Kosovar Prime Minister Hashim Thaci is accused of being a mafia boss, a murderer, a drug dealer, and of engaging in organ trafficking.
TEXT SIZE - +
By Gordana Knezevic
If it bleeds, it leads, the old journalism rule-of-thumb runs. And it is hard to find another end-of-the-year story that bleeds quite like the accusation that the prime minister of Kosovo was involved in the trafficking of human organs and other criminal activities during the 1999 conflict, which ended following NATO intervention to drive Serbian forces out of Kosovo.

Swiss Senator Dick Marty is a widely recognized champion of human rights, most prominently known for taking on the CIA over the issue of extrajudicial renditions. However, most Albanians know him as a no-less-determined opponent of Kosovo’s independence.

In a report submitted to the Council of Europe, which took two years to compile, Marty accuses Prime Minister Hashim Thaci not only of being a mafia boss, a murderer, and a drug dealer, but -- as if these charges were not enough -- of ties to a group that in 1999 killed prisoners for the purpose of selling their kidneys. Moreover, in the Balkans, where even organs have an ethnicity, this story translates as an Albanian conspiracy to remove Serbian kidneys and sell them on the international organ black market.

Most of Marty’s report deals with his assessment of the role of the Kosovo Liberation Army (KLA), and its attempts to prove that the international community -- that is to say, the mainly Western governments which in 1999 acted to stop Serbian strongman Slobodan Milosevic’s forces from laying waste to Kosovo -- got it all wrong. Unsurprisingly, the Serbian deputy prosecutor greeted Marty’s report with undisguised enthusiasm, describing it as a victory for Serbia.

Rewriting History

Even some senior journalists and experienced Balkan observers expressed the opinion that a new assessment of NATO’s 1999 intervention may be required if the charges outlined in Marty’s report are true. 

“If ever it is proved that the KLA leader [Thaci] whom [then-British Prime Minister Tony] Blair backed was really a mafia boss, a murderer, and traded in human organs, then the history of that campaign will have to be rewritten – and the gloss put on it by Mr. Blair will vanish,” Tim Judah wrote in “The Daily Telegraph.”

Swiss Senator Dick Marty
In spite of the outrage among Western observers, and the near-hysterical triumphalism in Belgrade, the action against Milosevic’s army in 1999 was provoked by well-documented crimes and commenced when at least half of Kosovo’s Albanian population had been expelled from their homes, while over 10,000 had been killed. The final body count in Kosovo was recently completed – and more than 13,000 victims have been identified by name. Of the 1,800 still listed as missing, two-thirds are Albanians.
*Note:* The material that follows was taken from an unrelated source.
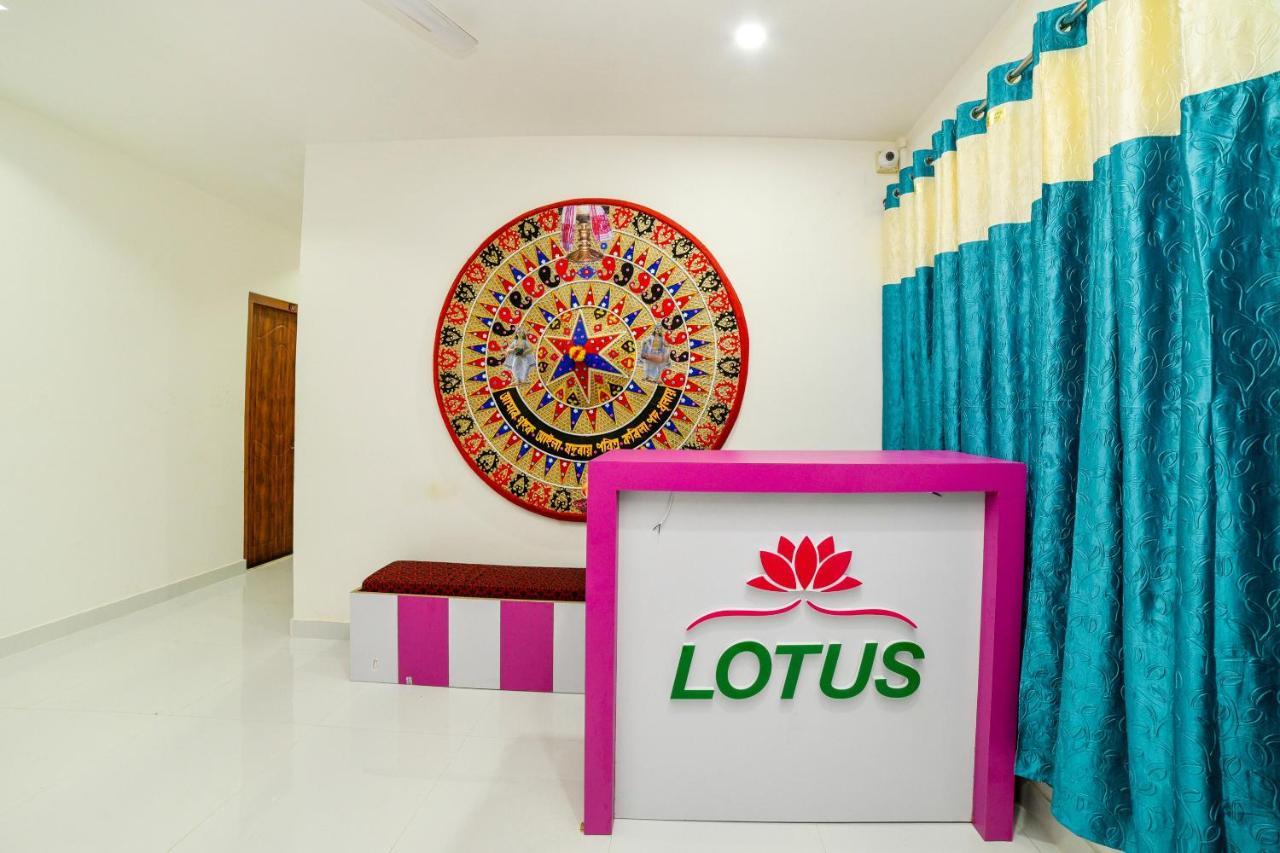 Oyo 40893 Hotel Lotus Γουβαχάτι Εξωτερικό φωτογραφία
There is no new information that can change or in any way mitigate these facts.

Even if Marty is able to prove the worst of his allegations against Thaci and KLA members (which is by no means clear at this point), it would not erase the crimes committed by Milosevic’s forces. And, crucially, it does not undermine the reasons for NATO intervention in 1999.

Never Substantiated

The trafficking of human organs story was circulated long ago by various Serbian sources and has never been substantiated. It sounded too much like the absurd claim that, during the siege of Sarajevo, starving zoo animals were fed Serbian babies. Both are stocks-in-trade of wartime propaganda, not far removed from World War I images of Germans as savage Huns bayoneting Belgian babies.

Nevertheless, two foreign journalists (Nick Thorpe and Michael Montgomery) decided to investigate and visited locations in northern Albania to see if the story of organ trafficking had any basis in fact. They returned with disturbing stories of war crimes but no conclusive evidence on organ trafficking. 
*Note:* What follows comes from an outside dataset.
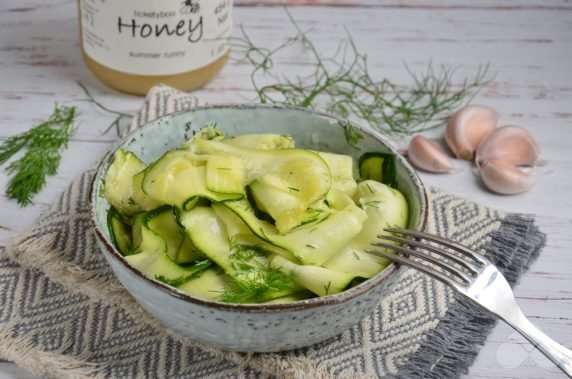 Маринованные кабачки с зеленью и медом – фото приготовления рецепта, шаг 4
The former chief prosecutor of the International Criminal Tribunal for the former Yugoslavia (ICTY), Carla Del Ponte, in an exclusive interview with swissinfo.ch, said she was torn between concern and satisfaction over the idea that these “heinous acts” would soon be brought to justice.

Del Ponte, now Switzerland’s ambassador to Argentina, was ICTY prosecutor from 1999 to 2007. If there is any substance to the organ-trafficking story, then it was her responsibility to investigate -- as she was given both the mandate and the means to do so.
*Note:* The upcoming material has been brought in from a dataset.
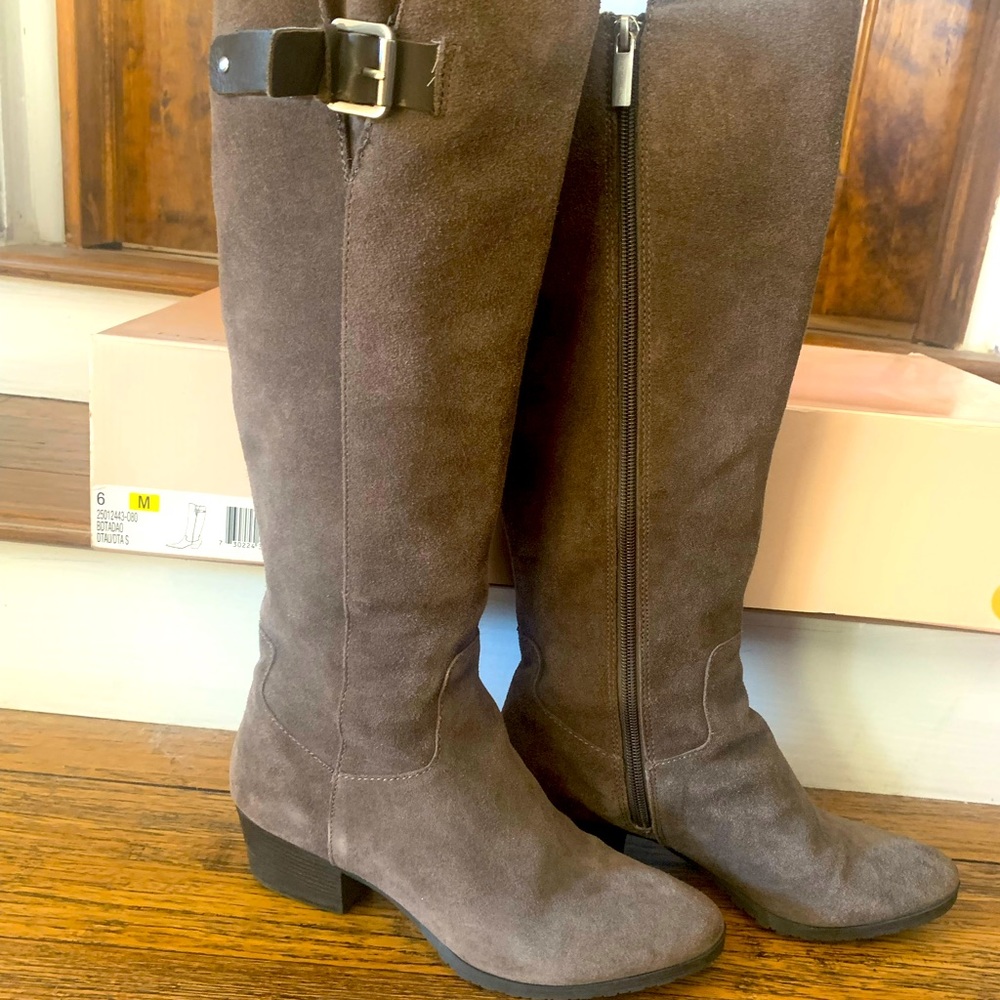 EUC BANDOLINO GREY SUEDE BOOTS, size 6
In 2008, she published a controversial book, “The Hunt,” in which she describes her own trip to Albania when she met with Albanian officials who were unhelpful in providing evidence for the smuggling of organs of murdered Serbian civilians following the Kosovo war in 1999. At least one Albanian is mentioned among the victims.

Driven Toward Isolation

If Thaci is responsible for even some of the crimes outlined in Marty’s report, he should be brought to justice. But this should not change our perception of Kosovo, just as our perception of Croatia has not changed because former Prime Minister Ivo Sanader has been indicted for corruption and abuse of power.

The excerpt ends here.